Me resulta difícil conciliar cómo alguien está dispuesto a inmolarse en la piedra del sacrificio por el Bien Común en aras de soportar el poder de dirigir nuestras instituciones. ¿Cuál es el secreto atávico que se esconde tras el trono?

Recuerdo mis días de luchas y flores, lo inútil que fueron cada uno de mis actos, a veces acudo al cementerio de los ideales a llevar coronas de mariposas negras que revolotean como un reclamo por lo ingenuo que fui.

Gandhi derrotó a un imperio sin armas, utilizó la no violencia activa, lo que se denomina la satyágraha, que incluye la desactivación incluso de la legítima defensa.

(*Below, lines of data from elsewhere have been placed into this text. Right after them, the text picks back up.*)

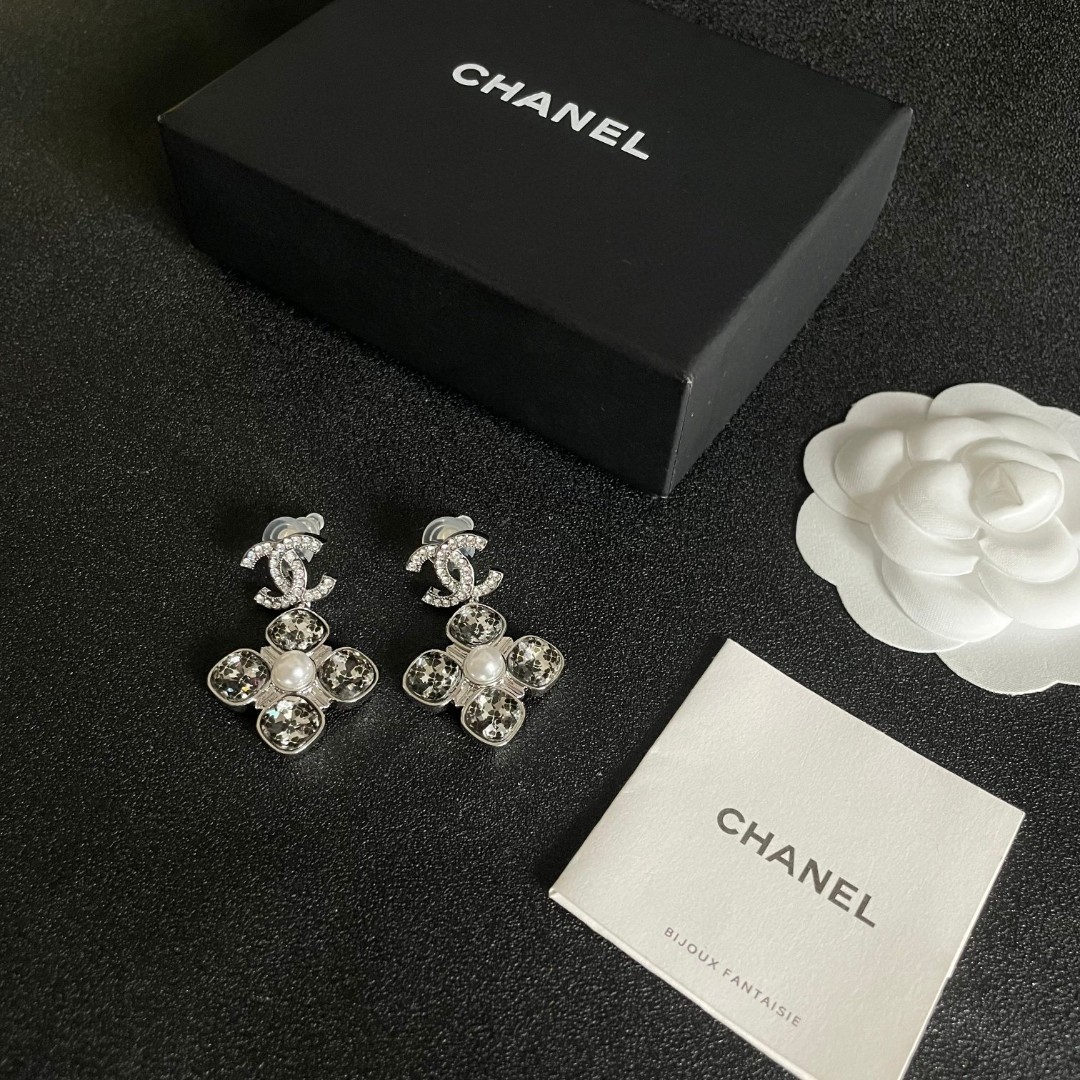  Chanel香奈儿 中古 耳钉👀小香家的款式真心无需多介绍😘🎶每一款都超好看，精致大方，非常显气质.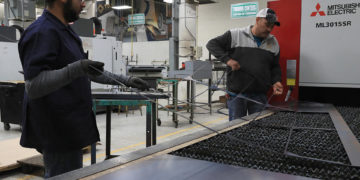México triplica la creación mensual de empleos: casi 129 mil, nuevo récord histórico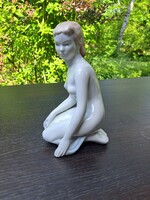 Aquincumi porcelán női akt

Conviene recordar que el padre espiritual de la India era un intelectual que estudió en Inglaterra, y la inspiración directa de su cruzada fue la obra Del deber de la desobediencia civil (1849), escrita por otro gran pensador, esta vez estadounidense: Henry David Thoreau, que se negó a pagar impuestos al Estado porque este defendía la esclavitud y organizaba guerras contra un país indefenso: México, para obtener territorio.  Si los intelectuales pueden salvar al mundo, es plantando ideas, cargando con el desprecio e inspirando los movimientos transformadores que otras generaciones disfrutarán.

El gran autor colombiano Mario Mendoza, reseña que en esta era del Yo y del narcisismo como moneda de cambio, la revolución no es hacia fuera, sino dentro de uno mismo. Uno escapa de sí a través de los libros, en procura del conocimiento o por mero divertimento, pero se abre al mundo, olvidándose, no perpetuándose del enfermizo culto a la propia imagen, a la propia importancia, que como bien dijo Bukowski es siempre exagerada. Me cuesta trabajo entender cómo no nos hemos dado cuenta, que salvo algunos próximos (y por poco tiempo), nadie hablará de nosotros cuando estemos muertos. He visto desfilar una fila de jerarcas de diferente valía y salvo un retrato, su nombre ingresa al elenco del silencio; de vez en cuando algún sonido nostálgico evoca una anécdota, pero no queda más que viento. El llamado del dominio me es incomprensible, pero tiene su embrujo, desde que el mundo existe la gente lucha por conseguirlo. Mientras tanto, yo, como muchos, hago fila, sigo siendo esquilado a cambio de un salario que necesito para vivir, de hecho, agradezco que aprecien mi lana y debo conservar mi sitio en el corral.